PEEM: Prompt Engineering Evaluation Metrics for Interpretable Joint Evaluation of Prompts and Responses

This paper introduces PEEM, a unified framework that employs a structured 9-axis rubric and LLM-based evaluators to provide interpretable, joint assessments of prompts and responses, enabling systematic diagnosis and significantly improving downstream accuracy through zero-shot prompt optimization.

Minki Hong, Eunsoo Lee, Sohyun Park, Jihie Kim

Published Thu, 12 Ma
📖 4 min read☕ Coffee break read

Imagine you are trying to teach a very smart, but sometimes literal-minded, robot how to do a task. You give it a set of instructions (a prompt), and it gives you an answer (a response).

For a long time, people only cared if the robot's final answer was right or wrong. It was like grading a student's math test by only looking at the final number: "15." If the answer was 15, they got an A. If it was 14, they got an F. But this didn't tell you how the student got there, if they understood the concept, or if your instructions were confusing.

This is where PEEM comes in. The authors of this paper built a new "report card" system called PEEM (Prompt Engineering Evaluation Metrics).

Here is how PEEM works, explained through a simple analogy:

The "Double-Check" Inspector

Imagine a restaurant.

  • The Chef is the AI model.
  • The Recipe is the Prompt (what you tell the AI to do).
  • The Dish is the Response (what the AI actually makes).

In the old days, the food critic (the evaluator) would only taste the dish. If it tasted good, the chef got a 5-star rating. If it tasted bad, they got 1 star. They didn't care if the recipe was written in a language the chef couldn't understand, or if the recipe was missing ingredients.

PEEM is like a super-inspector who checks BOTH the Recipe and the Dish.

Part 1: Grading the Recipe (The Prompt)

Before the chef even starts cooking, PEEM looks at your instructions. It asks three questions:

  1. Is it clear? (Did you say "Add salt" or just "Make it tasty"?)
  2. Is it well-written? (Are there typos or confusing grammar?)
  3. Is it fair? (Does the recipe assume everyone likes spicy food, or is it inclusive?)

If your recipe is messy, PEEM gives it a low score, even before the food is cooked. This helps you realize, "Oh, I didn't explain the steps clearly enough!"

Part 2: Grading the Dish (The Response)

Once the chef cooks the meal, PEEM tastes it, but not just for "good or bad." It uses a 6-point checklist:

  1. Accuracy: Is the food actually edible and correct?
  2. Coherence: Does the meal make sense? (e.g., Did they put ice cream on a steak?)
  3. Relevance: Did the chef make what you asked for, or did they make a cake when you wanted soup?
  4. Objectivity: Is the chef being neutral, or are they adding their own weird opinions?
  5. Clarity: Is the presentation easy to understand?
  6. Conciseness: Did they serve a tiny bite or a mountain of food when you only wanted a snack?

The Magic Ingredient: The "Why"

The coolest part of PEEM isn't just the score (like a 4 out of 5).

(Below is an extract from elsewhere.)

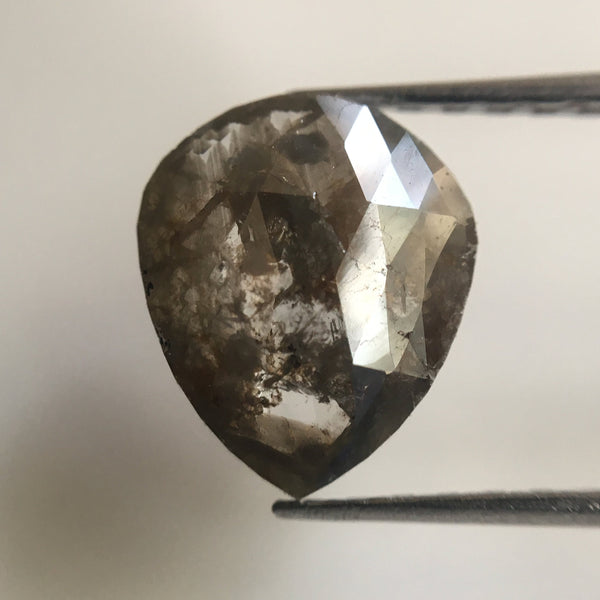 2.08 Ct Fancy Grey Pear Cut Loose Natural Diamond, 9.70 mm X 8.14 mm X 2.70 mm Fancy Brown Rose Cut Pear Natural Loose Diamond AJ07/12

It's the commentary.

Instead of just saying "You got a 2," PEEM says: "You got a 2 because your recipe was confusing, and the chef forgot to turn on the oven."

This is like having a teacher who writes a detailed note on your homework instead of just circling the wrong answers. It tells you exactly what to fix.

Why is this a big deal?

The paper shows that PEEM is incredibly useful for three reasons:

  1. It's Honest: When PEEM says a model is doing well, it usually matches the old "right/wrong" scores. So, we know it's reliable.
  2. It's Robust: If you rewrite your instructions using different words but keep the same meaning, PEEM gives you the same score. But if you try to trick the AI with confusing or malicious instructions, PEEM catches it and lowers the score.
  3. It's a Self-Improvement Tool: The authors used PEEM to create a "feedback loop." They let PEEM grade the AI's instructions, then fed those comments back to the AI to rewrite its own instructions.
    • Result: The AI got significantly smarter just by listening to PEEM's advice, without needing any human teachers or expensive retraining. It improved its accuracy by up to 11.7 points just by following the "report card."

The Bottom Line

PEEM changes the game from "Did you get the right answer?" to "How well did you understand the question, and how well did you explain your answer?"

It turns the black box of AI into a transparent process where we can see exactly why an AI succeeds or fails, and gives us a clear map on how to make it better. It's the difference between a teacher who just hands back a test with a grade, and one who sits down with you to explain how to ace the next one.